### Dataset excerpts:
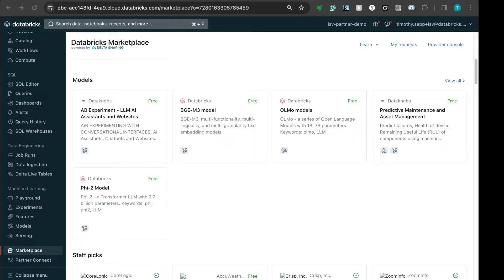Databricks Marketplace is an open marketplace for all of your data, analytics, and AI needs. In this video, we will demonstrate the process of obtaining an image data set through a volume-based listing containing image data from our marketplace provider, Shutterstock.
==
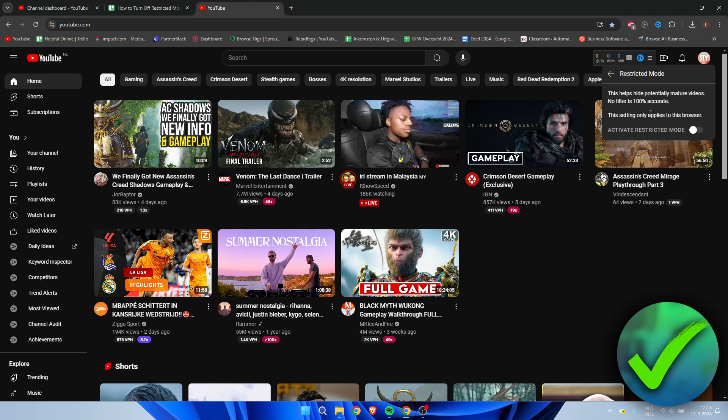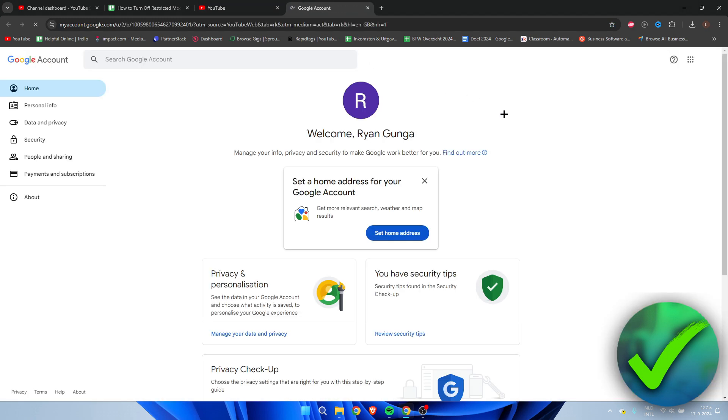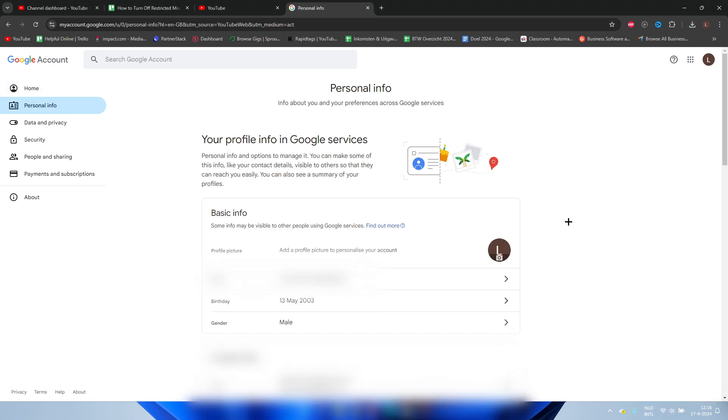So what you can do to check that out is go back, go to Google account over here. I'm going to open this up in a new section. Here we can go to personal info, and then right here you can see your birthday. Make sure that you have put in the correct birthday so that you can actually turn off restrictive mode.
--
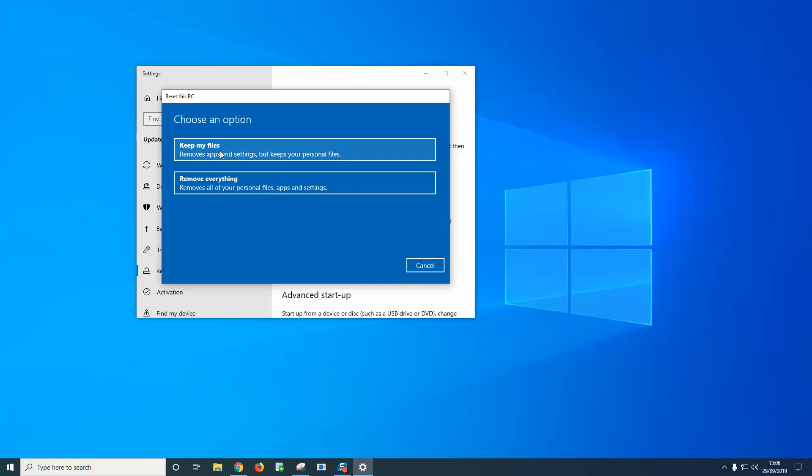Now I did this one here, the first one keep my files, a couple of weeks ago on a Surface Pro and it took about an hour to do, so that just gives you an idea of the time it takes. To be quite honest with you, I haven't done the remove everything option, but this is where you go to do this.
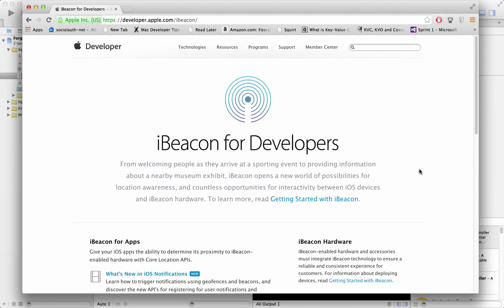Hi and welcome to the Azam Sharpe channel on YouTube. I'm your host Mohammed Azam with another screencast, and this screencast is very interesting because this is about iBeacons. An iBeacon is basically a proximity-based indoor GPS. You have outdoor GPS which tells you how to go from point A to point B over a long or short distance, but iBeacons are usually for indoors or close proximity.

### Exercise objective:
Within the entries above, give again exactly the lines starting at the one that contains "Now I did this" and ending at the one that contains "Hi and welcome", leaving out the pictures.

### Written solution:
Now I did this one here, the first one keep my files, a couple of weeks ago on a Surface Pro and it took about an hour to do, so that just gives you an idea of the time it takes. To be quite honest with you, I haven't done the remove everything option, but this is where you go to do this.
Hi and welcome to the Azam Sharpe channel on YouTube. I'm your host Mohammed Azam with another screencast, and this screencast is very interesting because this is about iBeacons. An iBeacon is basically a proximity-based indoor GPS. You have outdoor GPS which tells you how to go from point A to point B over a long or short distance, but iBeacons are usually for indoors or close proximity.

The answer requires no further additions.